Sonra YSK’ya gidildi. YSK da ‘Hiçbir suçu yok, milletvekili olabilir’ dedi. Seçimler yapıldı ve Enis Berberoğlu milletin iradesiyle İstanbul Milletvekili olarak seçildi. 399 gündür hapiste. Yargıtay’da dosyasına bakılmıyor. Niçin, hangi gerekçeyle bakılmıyor? Anayasanın 83. maddesi açık, geçici 20. maddesi açık. Derhal oturup karar almaları ve Enis Berberoğlu’nun serbest bırakmaları lazım. Dokunulmazlık kazandı çünkü.
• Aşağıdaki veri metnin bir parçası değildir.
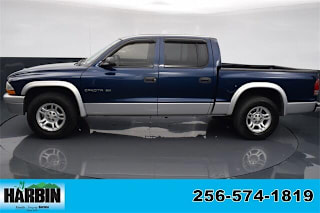 2002 Dodge Dakota SLT 1B7HL48NX2S640452 2002 Dodge Dakota SLT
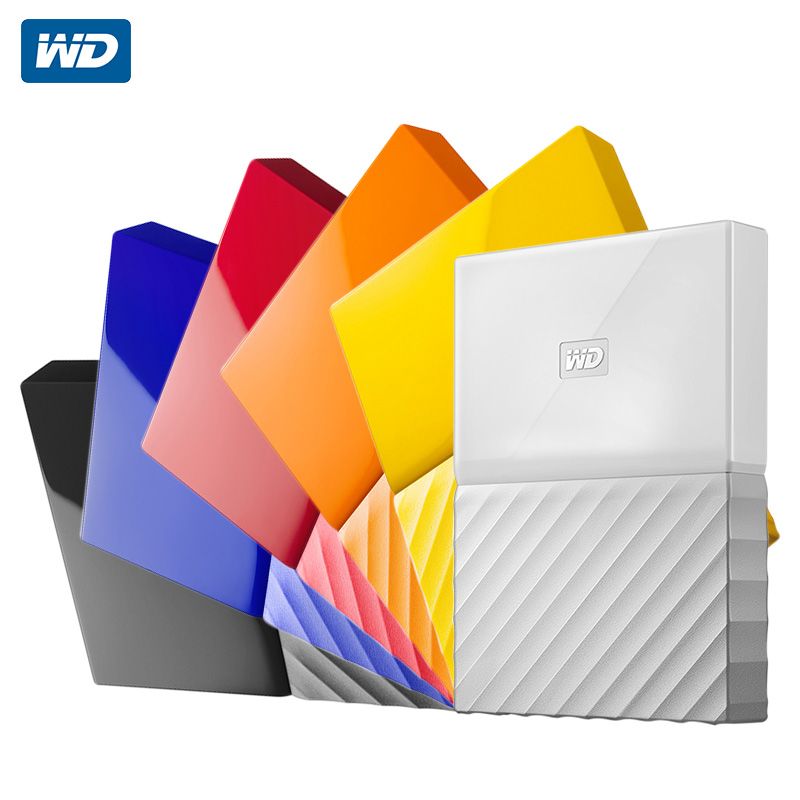 WD Passport External Hard Disk Drive 1TB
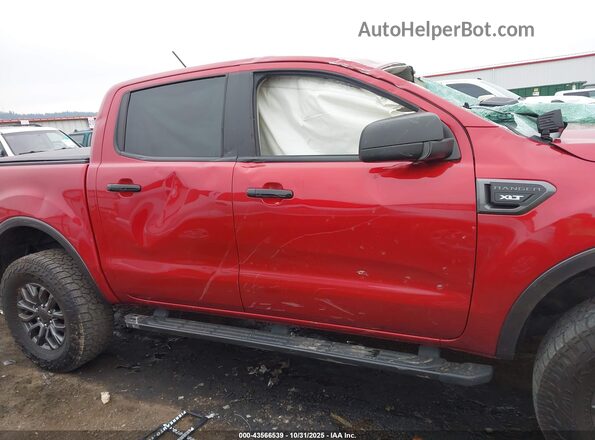 1FTER4FH0LLA95114 2020 FORD RANG Красный Вид задней части салона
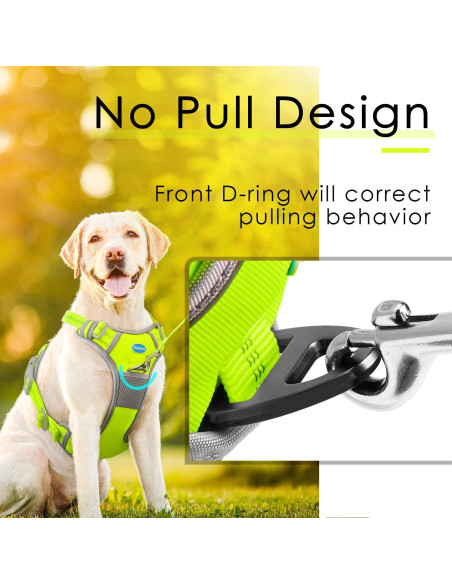 ThinkPet Arnés Deportivo Transpirable con Asa para Perros Pequeños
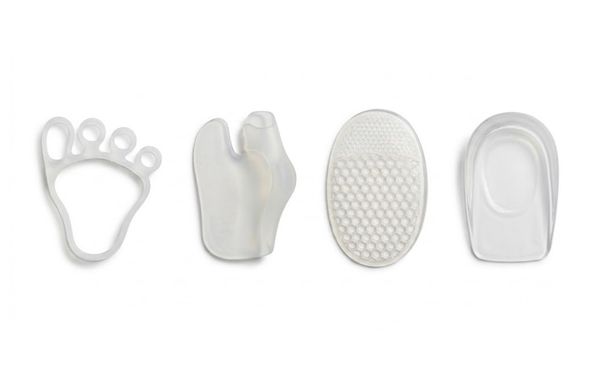 Shop Clear silicone foot health products for toe and heel comfort Clear silicone foot health products for toe and heel comfort — oFashion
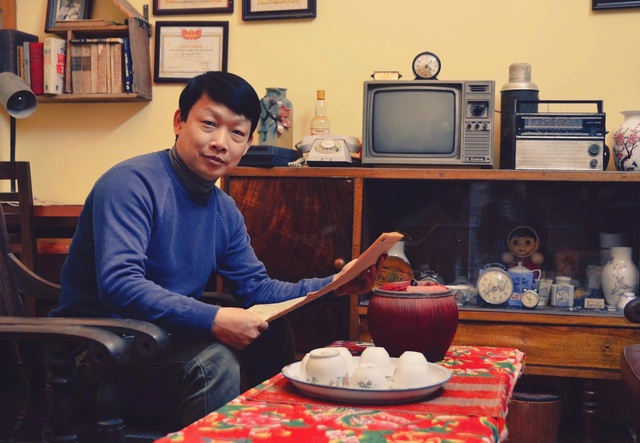 Buồn vui nghề s&aacute;ch: Kỳ nh&acirc;n v&agrave; bảo vật l&agrave;ng s&aacute;ch- Ảnh 1.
ANAYASANIN 138. MADDESİNİ OKUYORUM

Enis Berberoğlu şu an hangi gerekçeyle hapiste ve neden aramızda değil. Anayasanın 138. maddesini okuyorum: “Hakimler görevlerinde bağımsızdırlar. Hâkimler, görevlerinde bağımsızdırlar; Anayasaya, kanuna ve hukuka uygun olarak vicdanî kanaatlerine göre hüküm verirler.
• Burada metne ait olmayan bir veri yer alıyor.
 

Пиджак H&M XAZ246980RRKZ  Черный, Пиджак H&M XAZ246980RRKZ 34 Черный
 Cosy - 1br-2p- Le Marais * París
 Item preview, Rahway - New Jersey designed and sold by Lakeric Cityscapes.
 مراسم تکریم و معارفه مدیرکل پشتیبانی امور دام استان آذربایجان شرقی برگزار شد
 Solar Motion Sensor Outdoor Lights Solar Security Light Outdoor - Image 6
Hiçbir organ, makam, merci veya kişi, yargı yetkisinin kullanılmasında mahkemelere ve hâkimlere emir ve talimat veremez; genelge gönderemez; tavsiye ve telkinde bulunamaz”. Bu kadar açık ve net. Ama bu kürsüde geçen yasama döneminde hakimlere talimat verildiğini ve telkinde bulunulduğunu belgeleriyle açıklamıştım.

YARGIYA GÖLGE DÜŞÜRMEYİN

Şimdi sormak istiyorum. Vicdani kanaatinizle, hukukun üstünlüğü ilkesine göre mi karar vereceksiniz yoksa sarayın telkinlerine göre mi karar vereceksiniz? Yargıya en büyük itibar kaybını yargı mensupları veriyor.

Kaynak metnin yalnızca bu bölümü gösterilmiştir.